Di komunitas sendiri ada tiga hal ikut didorong yakni, Literasi, Konservasi dan Ekonomi. Untuk gerakan literasi ikut membangun perpustakaan desa. Gerakan literasi ini tidak hanya di desa Gandasuli di mana komunitas berada tetapi juga ke desa desa tetangga.
Untuk konservasi, ikut lakukan monitoring hutan di sekitar cagar alam termasuk penangkapan burung maupun satwa liar lain yang dilindungi. Untuk bidang ekonomi salah satu didorong pembentukan kelompok tani dan kelompok usaha produktif. Ada beberapa olahan hasil perkebunan telah dibuat misalnya sirup dan manisan pala.

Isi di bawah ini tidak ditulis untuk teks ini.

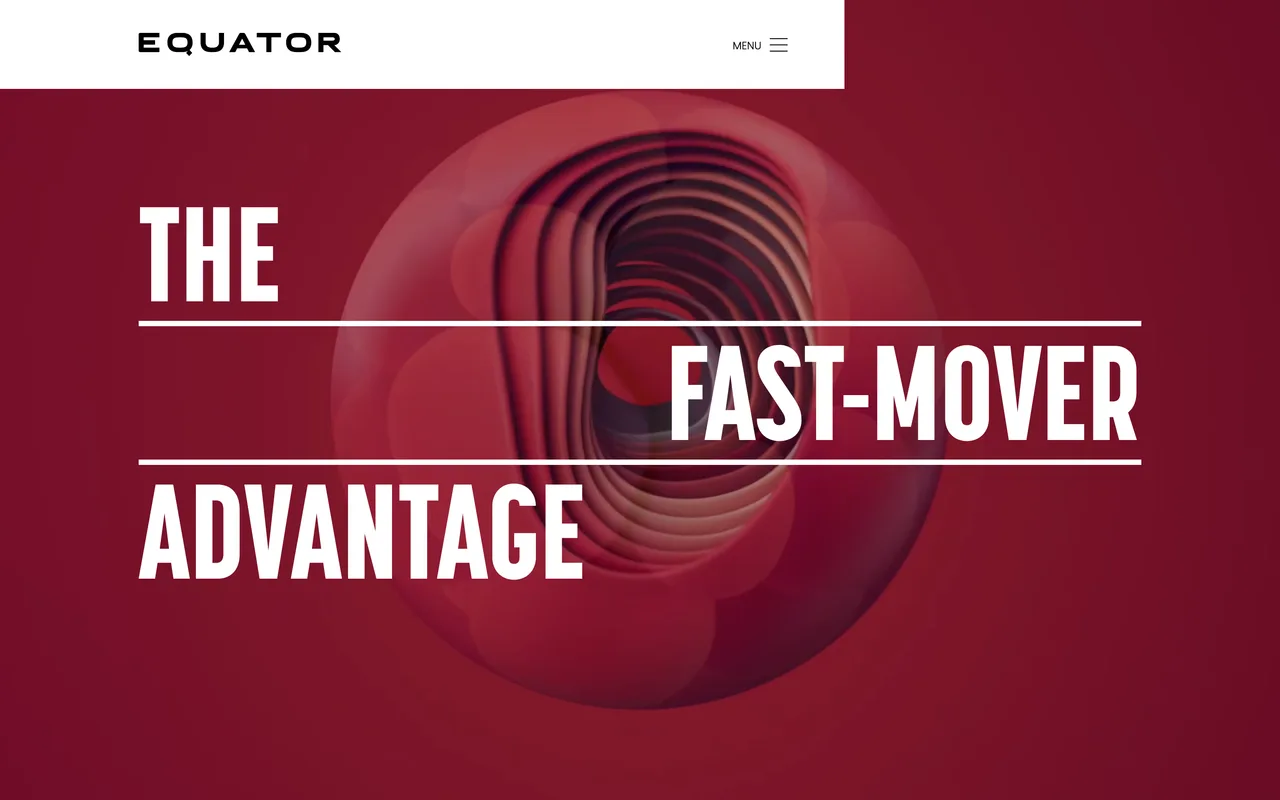 Equator homepage screenshot, Digital experience, performance marketing and SEO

Pendampingan oleh LSM Burung ikut mendorong Komunitas Kompas massive kampanye “Kami juga sudah dorong masyarakat bentuk kelompok tani. Saat ini kelompok tani sudah bergerak dengan menanam tanam hortikultura,” kata Dela.
Sementara mereka yang memiliki satwa burung yang dipelihara, ada yang secara sukarela melepasnya. Ini dilakukan melalui pendekatan dan pemberian pemahaman soal kondisi paruh bengkok yang makin terancam di alam liar saat ini. “Kita buat pendekatan dan bicara soal burung dilindungi ini. Kita juga cerita perlunya pekerjaan alternatif agar kebiasaan menangkap burung tidak dilakukan lagi,”tutupnya.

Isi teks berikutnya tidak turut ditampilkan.